Часть свободного времени трачу, надписывая свое имя на сотнях книг, которые я приобрел за последние десять лет. На каждой значится: «Джон Фаулз, 1963».
14 апреля
Барбеллион. Его недооценивают — и как писателя, описывающего природу Англии в традиции Джеффриса/Лоуренса[745], и как феномен английского социума: исключение из правила, человек, чье творчество зиждется исключительно на пережитом опыте.
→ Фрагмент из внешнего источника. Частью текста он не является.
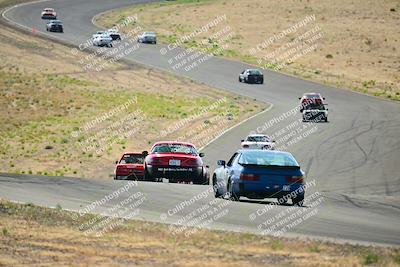 media/May-04-2025-Lucky Dog Racing (Sun) [[21629467aa]]/Turn 6 (910-930am)/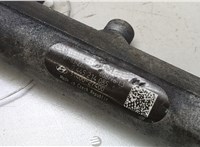  Рампа (рейка) топливная Hyundai Santa Fe 2005-2012 20455230 #3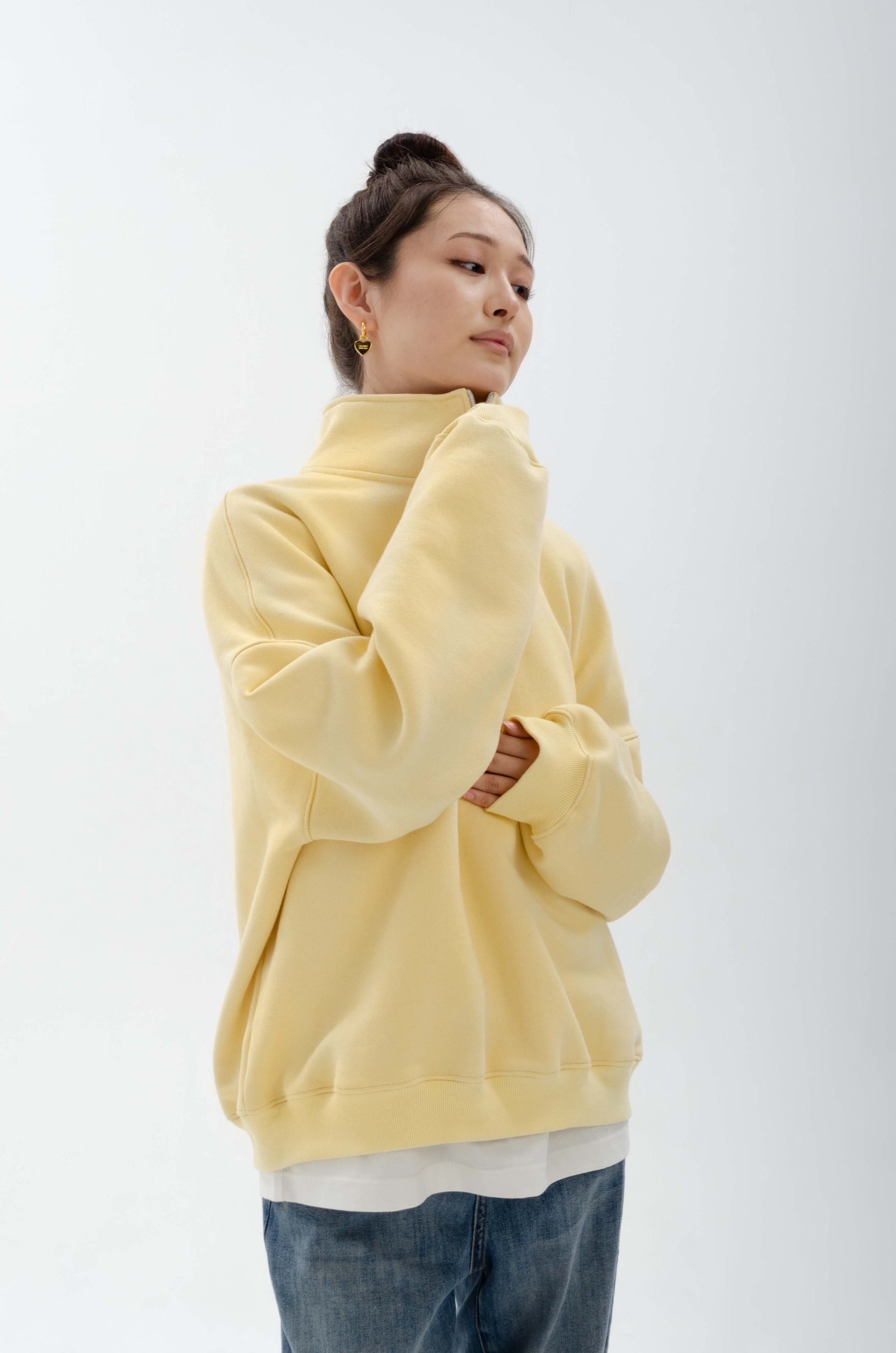 Askanna. Фотограф Улан-Удэ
По сути дела, он — один из первых «сердитых молодых людей».
Его ощущение себя неузнанным Гулливером в мире лилипутов; его отвращение к преклонению перед Библией; его перечитывание старых дневников и забвение столь многих из них; его метания от научного к художественному в подходе к природе; его расцвечивание повседневного — все это характерно и для меня.
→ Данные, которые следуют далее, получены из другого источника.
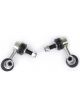 Whiteline Front Sway Bar Link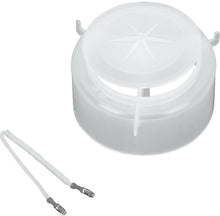 OVERDRUK CLV KIT DAALDEROP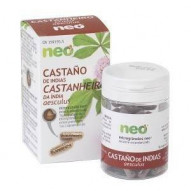 Castaño De Indias...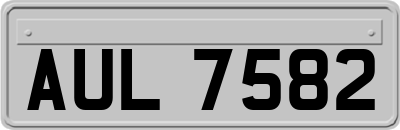AUL7582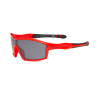 POLAR 5015 JUNIOR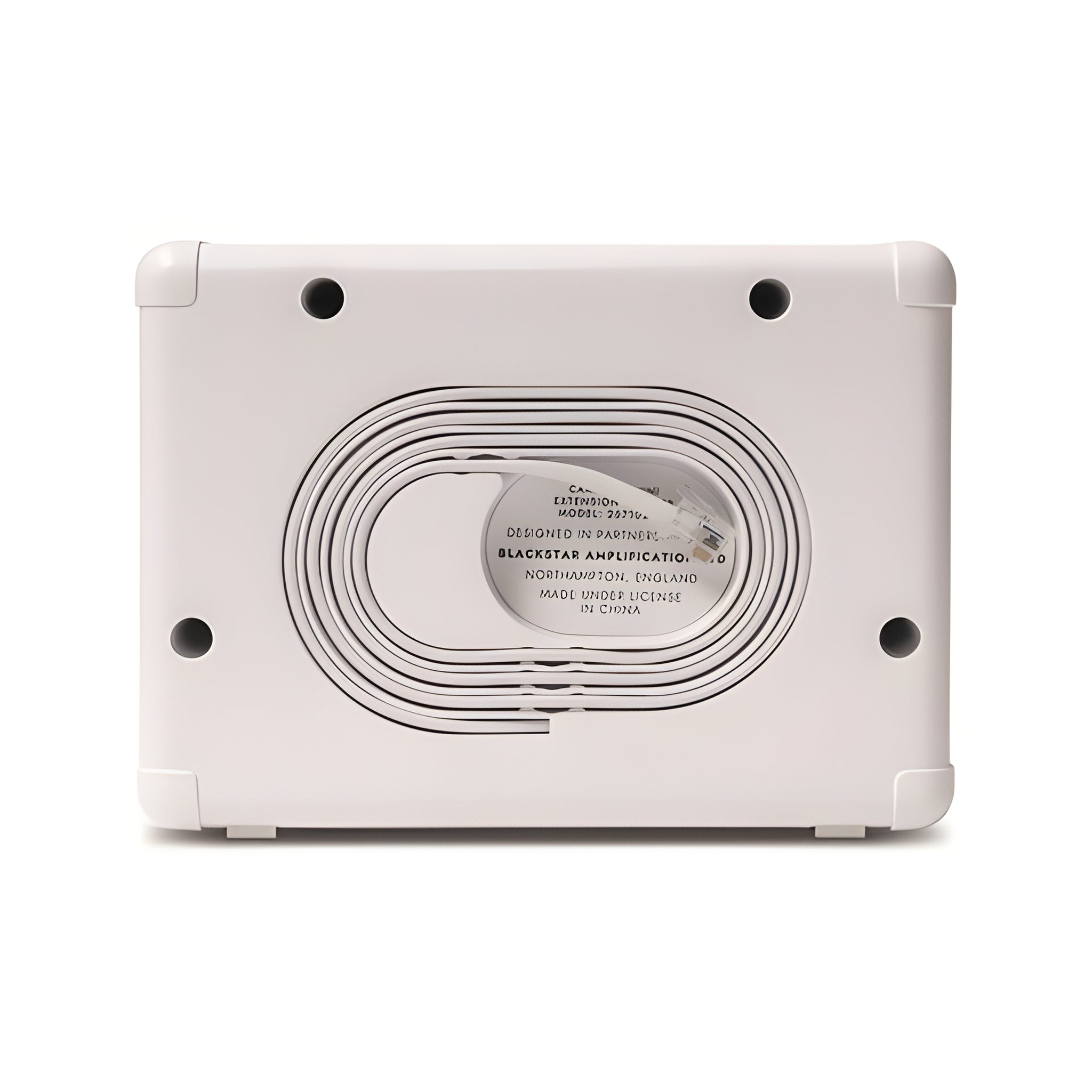 Carry - on CO - SPEAKER - EXT - Extensión para amplificador mini para instrumentos - Tempo Shop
Все мое «сознательное» детство — от десяти до двадцати лет — я провел, в одиночестве блуждая по сельской местности, наблюдая за птицами, разыскивая цветы, бабочек; полагаю, я был бы лучшим литератором, если бы больше читал и учился писать уже тогда, а не в возрасте тридцати с лишним. Но эта влюбленность в природу — так ли уж она тщетна?
16 апреля
Пишу заметку о «Коллекционере» — предположительно для «Энкаунтера». В ней замечаю, что с момента создания книги перестал грезить на тему Синей Бороды. Это соответствует действительности, но произошло не сразу. Одна из причин, не упомянутая в заметке, — то, что я уволился из Св. Годрика; иными словами, оказался оторван от самого плодородного источника. Думаю, некогда я «выкрадывал и заточал» архетипы — обобщенные образы девушек. Но на протяжении многих лет их должны были воплощать те, кого я знал лично, — ученицы.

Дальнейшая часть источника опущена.